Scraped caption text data
........

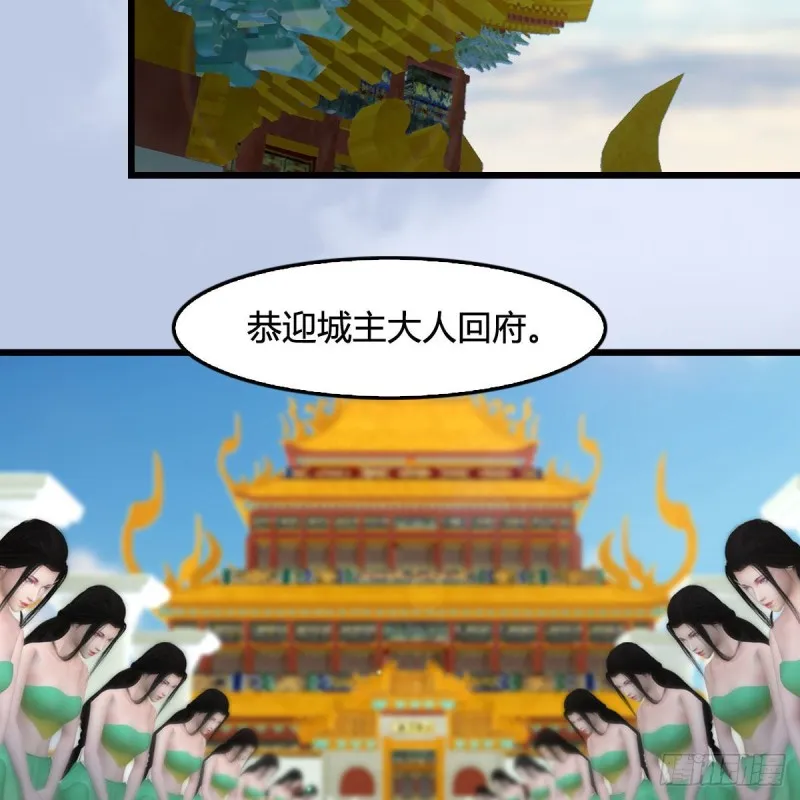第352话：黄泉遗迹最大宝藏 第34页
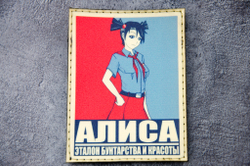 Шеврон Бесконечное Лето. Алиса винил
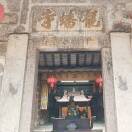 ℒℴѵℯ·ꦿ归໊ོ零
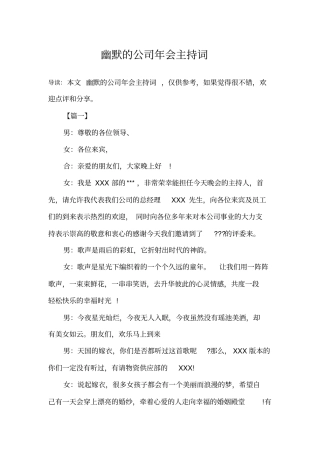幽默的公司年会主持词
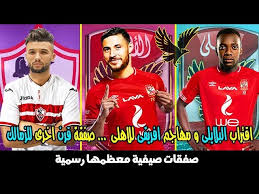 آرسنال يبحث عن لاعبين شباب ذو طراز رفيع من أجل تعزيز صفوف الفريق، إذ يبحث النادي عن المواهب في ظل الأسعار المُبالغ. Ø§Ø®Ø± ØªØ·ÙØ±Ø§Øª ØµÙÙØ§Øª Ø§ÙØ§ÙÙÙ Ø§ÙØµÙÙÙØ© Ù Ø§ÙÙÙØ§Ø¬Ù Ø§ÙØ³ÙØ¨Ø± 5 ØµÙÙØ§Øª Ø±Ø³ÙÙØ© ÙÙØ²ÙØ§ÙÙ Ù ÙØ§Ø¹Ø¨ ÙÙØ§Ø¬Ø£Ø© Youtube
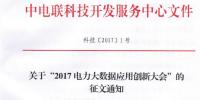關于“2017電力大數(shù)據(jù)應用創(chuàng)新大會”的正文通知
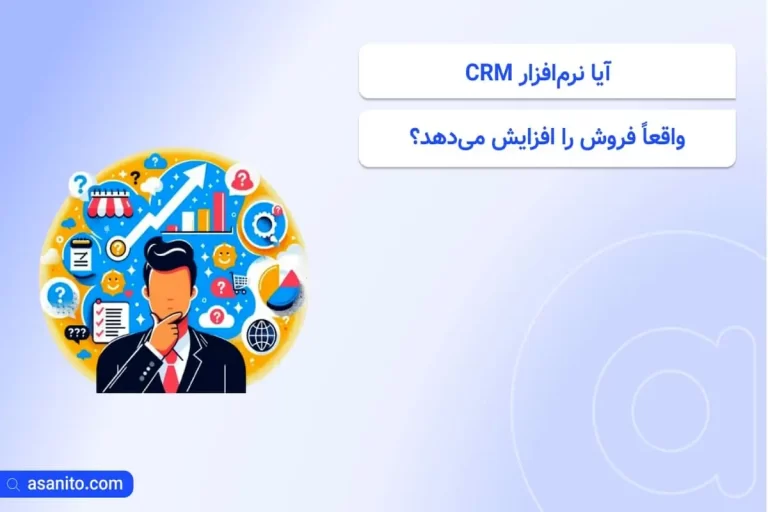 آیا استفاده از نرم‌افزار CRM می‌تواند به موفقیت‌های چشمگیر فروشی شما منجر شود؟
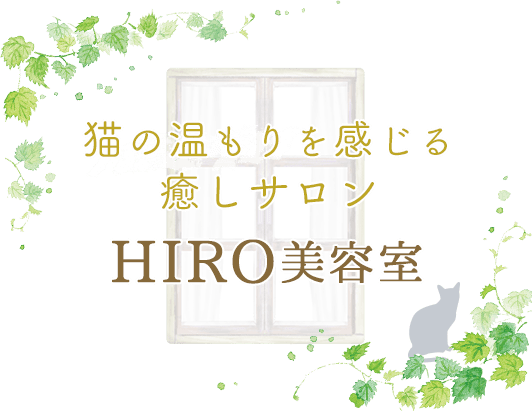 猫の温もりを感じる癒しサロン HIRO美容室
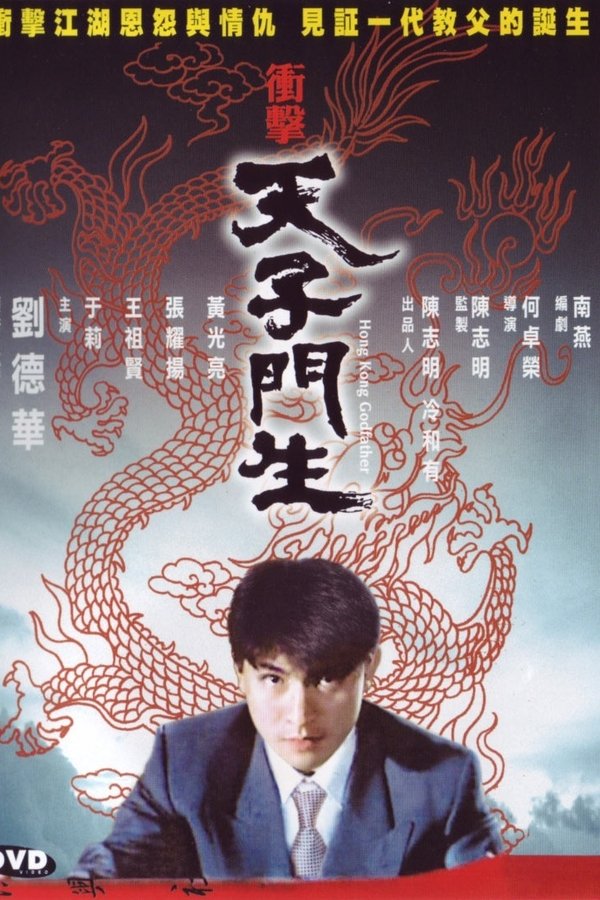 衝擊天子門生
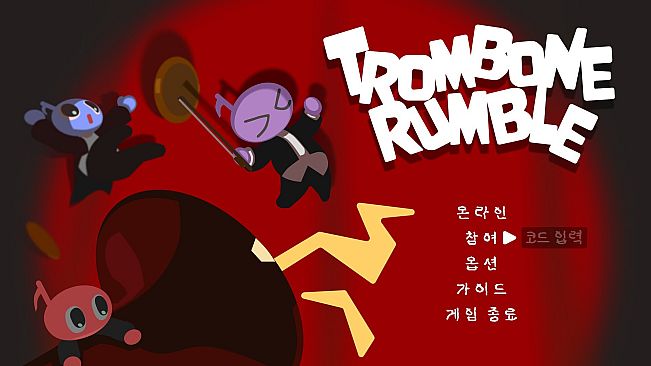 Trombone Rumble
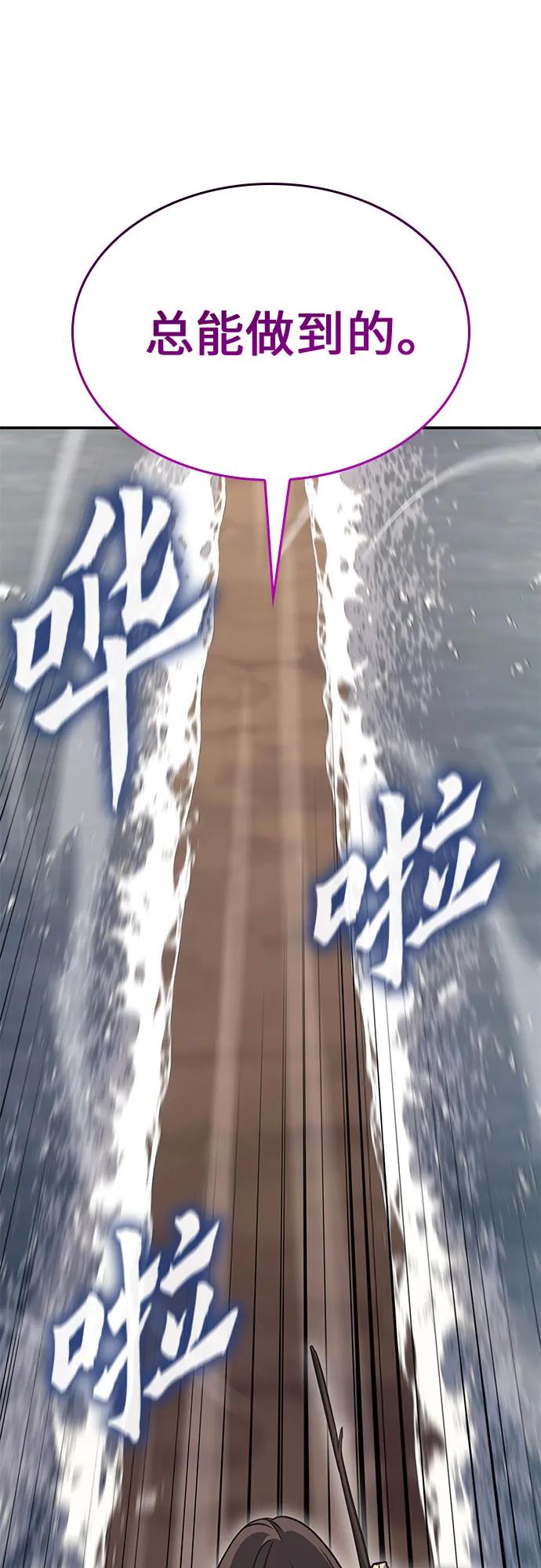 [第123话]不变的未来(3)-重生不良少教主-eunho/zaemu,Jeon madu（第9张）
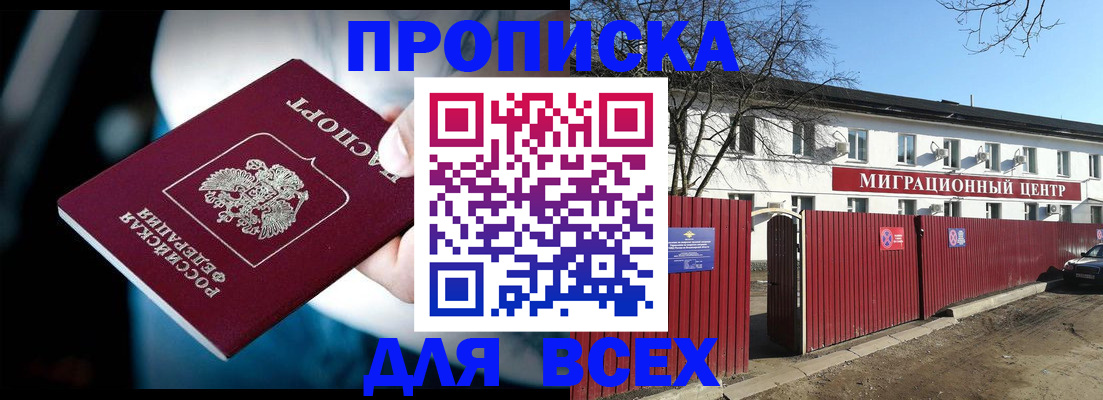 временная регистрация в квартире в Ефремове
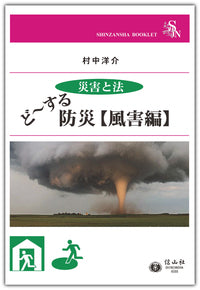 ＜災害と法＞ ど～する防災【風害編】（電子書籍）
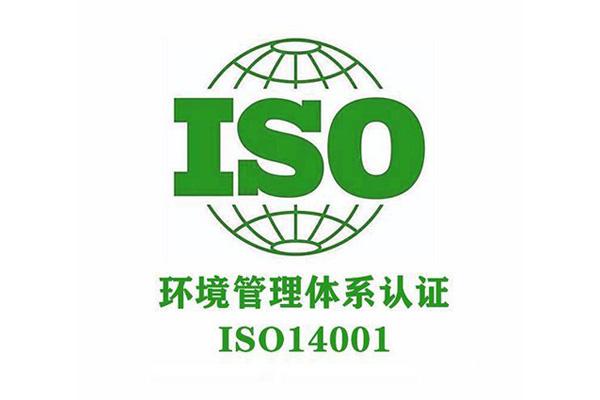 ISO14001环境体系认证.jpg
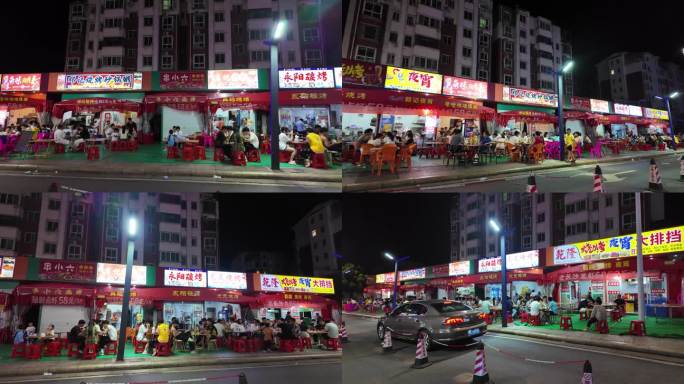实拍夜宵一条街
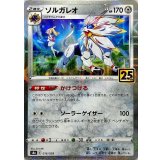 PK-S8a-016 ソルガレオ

........

**Exercise**
Could you set down, exactly as written, every line from the one with "Шеврон Бесконечное Лето. Алиса винил" to the end of the data, both ends included? Leave out the pictures.

**Exercise answer**
 Шеврон Бесконечное Лето. Алиса винил
 ℒℴѵℯ·ꦿ归໊ོ零
幽默的公司年会主持词
 آرسنال يبحث عن لاعبين شباب ذو طراز رفيع من أجل تعزيز صفوف الفريق، إذ يبحث النادي عن المواهب في ظل الأسعار المُبالغ. Ø§Ø®Ø± ØªØ·ÙØ±Ø§Øª ØµÙÙØ§Øª Ø§ÙØ§ÙÙÙ Ø§ÙØµÙÙÙØ© Ù Ø§ÙÙÙØ§Ø¬Ù Ø§ÙØ³ÙØ¨Ø± 5 ØµÙÙØ§Øª Ø±Ø³ÙÙØ© ÙÙØ²ÙØ§ÙÙ Ù ÙØ§Ø¹Ø¨ ÙÙØ§Ø¬Ø£Ø© Youtube
關于“2017電力大數(shù)據(jù)應用創(chuàng)新大會”的正文通知
 آیا استفاده از نرم‌افزار CRM می‌تواند به موفقیت‌های چشمگیر فروشی شما منجر شود؟
 猫の温もりを感じる癒しサロン HIRO美容室
 衝擊天子門生
 Trombone Rumble
 [第123话]不变的未来(3)-重生不良少教主-eunho/zaemu,Jeon madu（第9张）
 временная регистрация в квартире в Ефремове
 ＜災害と法＞ ど～する防災【風害編】（電子書籍）
 ISO14001环境体系认证.jpg
实拍夜宵一条街
 PK-S8a-016 ソルガレオ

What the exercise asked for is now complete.